Standing Building Recording (1 April 2007 - 31 October 2007)

AOC Archaeology Group were commissioned by the National Trust for Scotland to undertake an historic building recording exercise at Logie Schoolhouse in the small village of Logie near Montrose in Angus. These works were undertaken in April 2007 and were completed to a specification outlined by Mr Robin Turner, Head of Archaeology for the National Trust for Scotland. Logie Schoolhouse is a Category A Listed building and is likely to have been built in the 1830s to educate the children of the nearby workers of Logie Mills to the north and other mills in the surrounding area. Built primarily of clay faced with brick and stone rubble, the building is a rare survival of a clay building in North-East Scotland, specifically for the county of Angus. The study, along with previous historical and cartographic investigations and an on-site condition survey, identified that the building was originally a six- by one-bay single-storey building. The original construction was clay mixed with straw and bonded with pebbles. At some point a hand-made brick facing was applied to the south-east, south-west and north-east sides and a stone rubble facing to the north-west wall. Some of the facing had been replaced on the south-west wall in a slightly newer wire-cut brick dating to the late 19th century. Some small extensions were also originally located on the north-west side, only one of which now survives and is built in red brick with a stone slab roof. The building's original roof was replaced with regular sawn trusses and welsh slates at some point near the turn of the 19th century. At this time the interior also underwent extensive refurbishment with the addition of timber panelling and new lath-and-plaster wall coverings to the main classroom. A timber and corrugated-iron porch was added incrementally to the north-east entrance through the early decades of the 20th century as the building changed use from a Sunday school to a United Free Church.

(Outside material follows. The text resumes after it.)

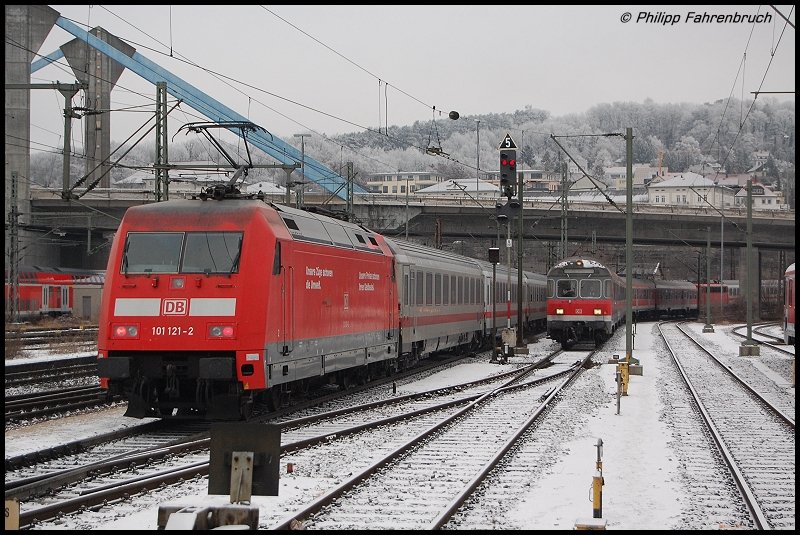 101 121-2 verl�sst mit IC 2264 den Ulmer Hbf nach Karlsruhe Hbf, aufgenommen bei der Ausfahrt aus Gleis 1 des Ulmer Hbfs.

Diana Sproat, AOC Archaeology Group

Standing Building Recording (August 2007 - November 2007)

NO 698 635 A programme of historic building recording was undertaken between August 2007 and November 2007, on an abandoned clay-built former schoolhouse and church located in the small village of Logie, prior to its renovation and preservation.

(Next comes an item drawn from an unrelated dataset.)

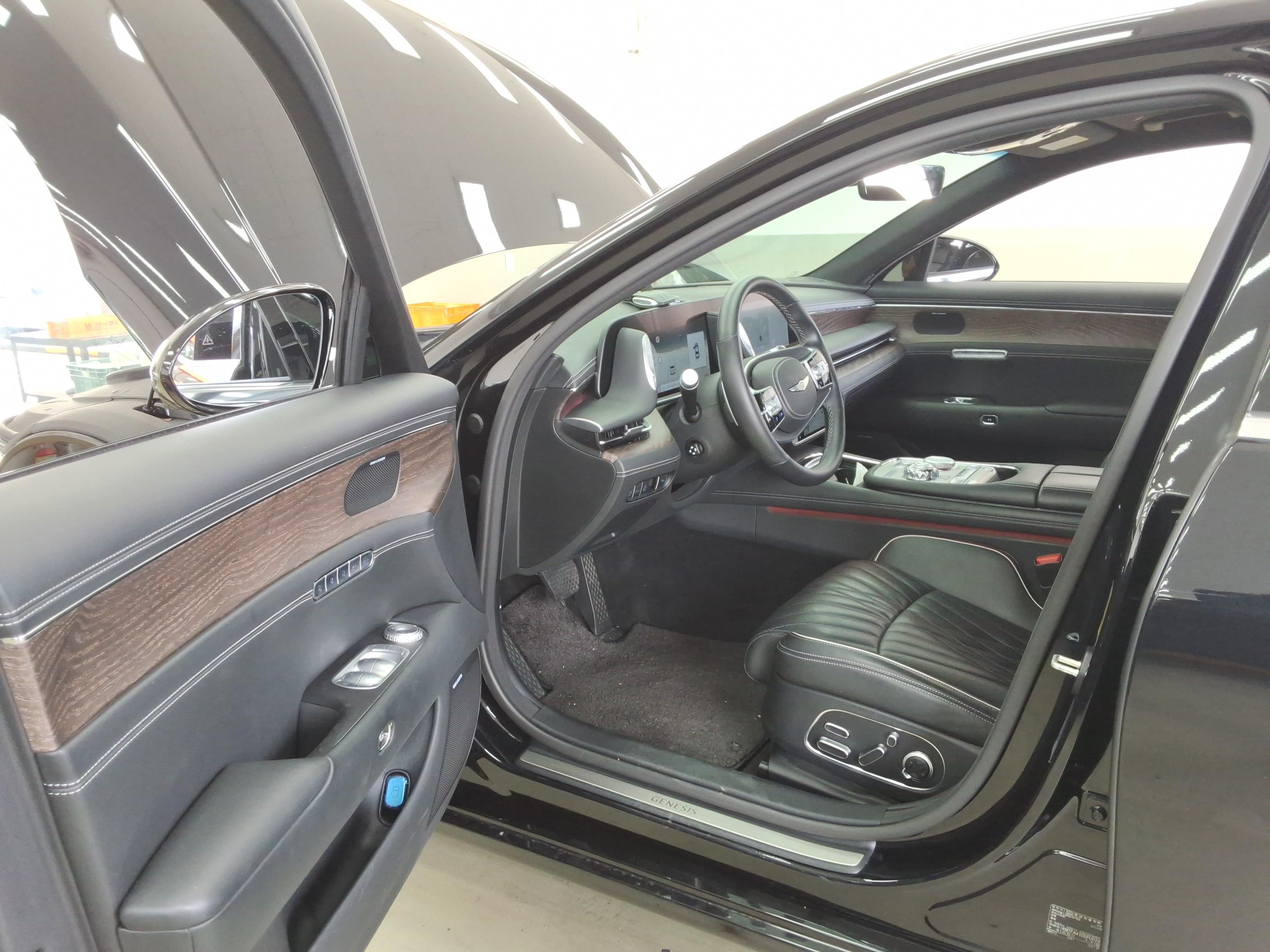 Genesis G90 2023 - Image 9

Archive to be deposited with RCAHMS.

Funder: National Trust for Scotland.

Diana Sproat, 2007.

Publication Account (2013)

Craigo Mill: flax, later jute spinning mill, founded in c1800. Owned from 1817 by John Maberley, then his successor in 1830, Richards and Co, of Broadford Works, Aberdeen, then passed to J & D Wilkie of Kirriemuir from 1885 so as to ensure that firm’s own jute yarn supplies. The plain between the lade and River North Esk has many drying frames of wire and steel, in order to receive fire damaged jute bales whenever there was a fire in Dundee. Here there was sufficient space to sort the jute, and deal with the spontaneous reignition to which these bales were prone. A large number of timber-framed corrugated iron-clad warehouses is there for the same reason. The mill itself is mainly early 20th century, apart from the older mechanics workshop. Spinning stopped in 1988. The weir on the North Water is by Marykirk Bridge (M10) South east, and utilising the same lade, another early spinning mill, Logie, was founded by Aberdein Gordon and Co (subsequently at Union Street Mill, Montrose, 1837) before 1805, and continued by that firm until 1860. A small mill has been adapted as a house, with an extra storey. The little settlement for workers on the higher ground near the railway line includes Logie School House, NO6980 6353. This clay building was rescued in 2004-8 by the Little Houses Improvement Scheme of the National Trust for Scotland (Europa Nostra Award 2011) and is now rented out.